List all the lines in these records that hold "entrepreneurs".

[Data excerpts]

○ ○ ○

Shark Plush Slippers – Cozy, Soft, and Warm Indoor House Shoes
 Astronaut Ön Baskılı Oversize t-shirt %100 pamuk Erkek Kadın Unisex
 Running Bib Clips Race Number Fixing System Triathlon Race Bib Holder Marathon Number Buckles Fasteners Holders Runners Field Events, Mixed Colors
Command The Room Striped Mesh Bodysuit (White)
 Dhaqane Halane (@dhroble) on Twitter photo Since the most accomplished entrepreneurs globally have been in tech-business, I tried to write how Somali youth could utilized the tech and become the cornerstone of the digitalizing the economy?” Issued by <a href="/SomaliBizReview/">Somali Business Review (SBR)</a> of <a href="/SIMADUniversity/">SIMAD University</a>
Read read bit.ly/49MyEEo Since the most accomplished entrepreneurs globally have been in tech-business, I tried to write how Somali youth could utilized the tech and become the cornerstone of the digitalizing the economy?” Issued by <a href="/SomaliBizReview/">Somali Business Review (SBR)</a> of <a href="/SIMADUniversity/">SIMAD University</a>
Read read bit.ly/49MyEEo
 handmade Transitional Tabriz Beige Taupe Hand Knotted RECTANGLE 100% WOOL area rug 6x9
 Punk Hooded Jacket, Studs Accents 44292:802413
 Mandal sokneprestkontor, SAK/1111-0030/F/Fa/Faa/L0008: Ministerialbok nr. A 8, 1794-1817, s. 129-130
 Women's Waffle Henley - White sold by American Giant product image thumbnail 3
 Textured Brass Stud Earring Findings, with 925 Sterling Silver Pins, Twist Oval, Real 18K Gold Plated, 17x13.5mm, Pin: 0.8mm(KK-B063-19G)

○ ○ ○

▶ _Result below_
 Dhaqane Halane (@dhroble) on Twitter photo Since the most accomplished entrepreneurs globally have been in tech-business, I tried to write how Somali youth could utilized the tech and become the cornerstone of the digitalizing the economy?” Issued by <a href="/SomaliBizReview/">Somali Business Review (SBR)</a> of <a href="/SIMADUniversity/">SIMAD University</a>
Read read bit.ly/49MyEEo Since the most accomplished entrepreneurs globally have been in tech-business, I tried to write how Somali youth could utilized the tech and become the cornerstone of the digitalizing the economy?” Issued by <a href="/SomaliBizReview/">Somali Business Review (SBR)</a> of <a href="/SIMADUniversity/">SIMAD University</a>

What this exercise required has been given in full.